● **What you will do**:
Write out the data word for word, taking care that no picture is carried over.

____ Data segment

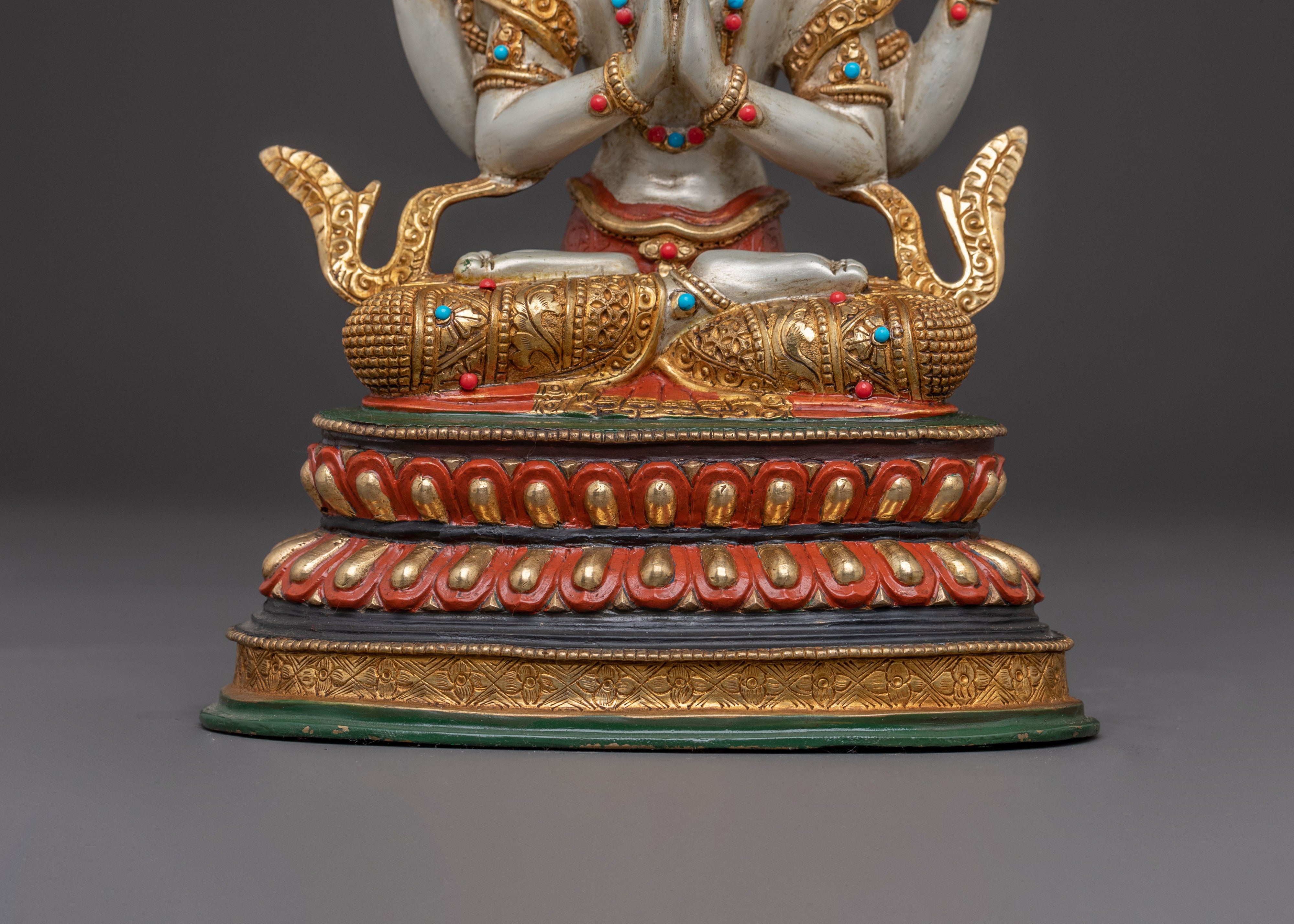 Chenrezig Traditional Sacred Statue | Spiritual Home Decor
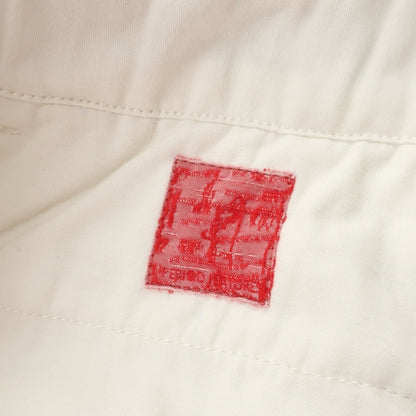 【中古】ピリオドフィーチャーズ PERIOD FEATURES コットン 刺しゅうデザイン イージー カジュアルスラックスパンツ ホワイト【サイズ2】【 状態ランクB 】【 メンズ 】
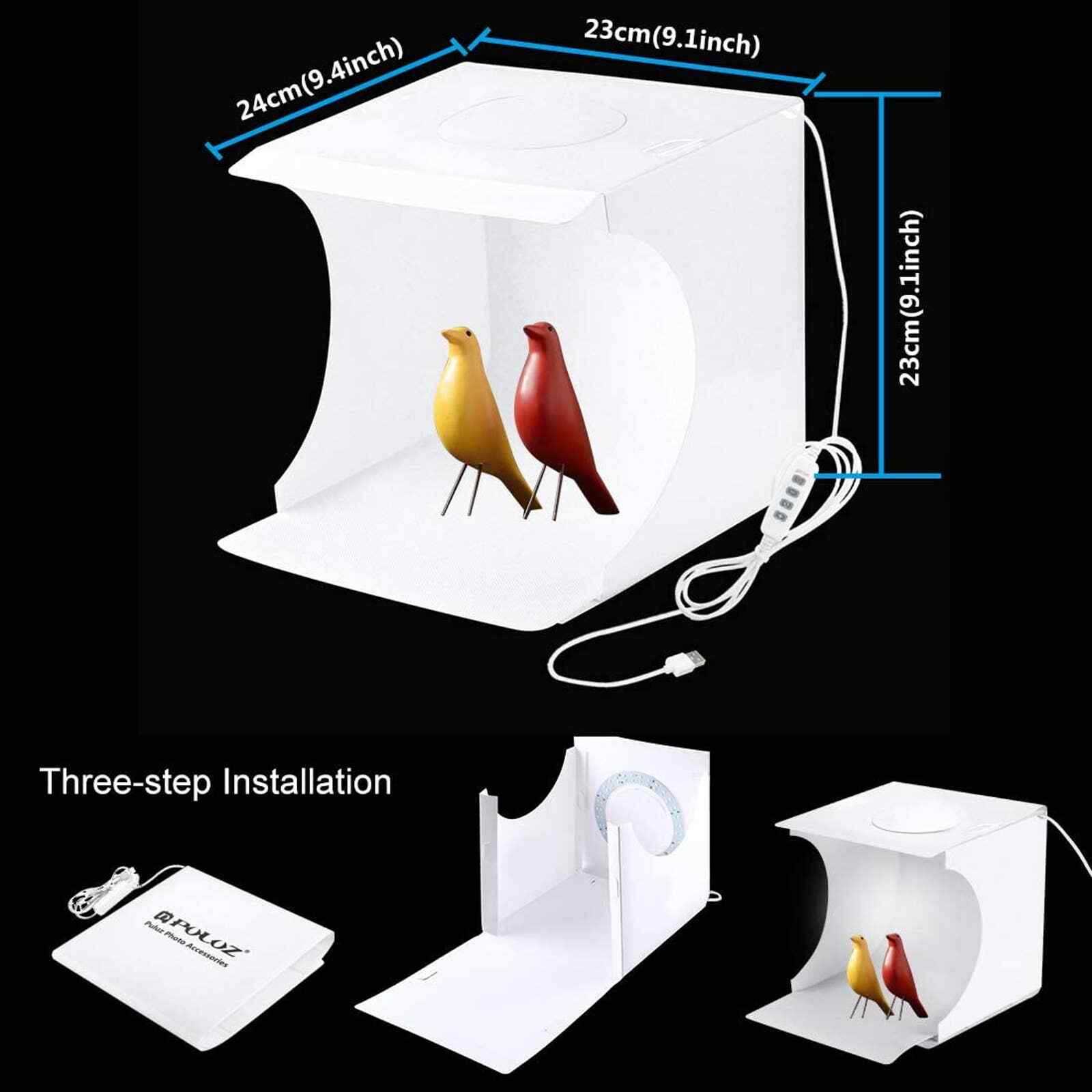 Photo Studio Light Box, Adjustable Lighting White/Warm/Soft Lighting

________

● **Solution for this problem**:
 Chenrezig Traditional Sacred Statue | Spiritual Home Decor
 【中古】ピリオドフィーチャーズ PERIOD FEATURES コットン 刺しゅうデザイン イージー カジュアルスラックスパンツ ホワイト【サイズ2】【 状態ランクB 】【 メンズ 】
 Photo Studio Light Box, Adjustable Lighting White/Warm/Soft Lighting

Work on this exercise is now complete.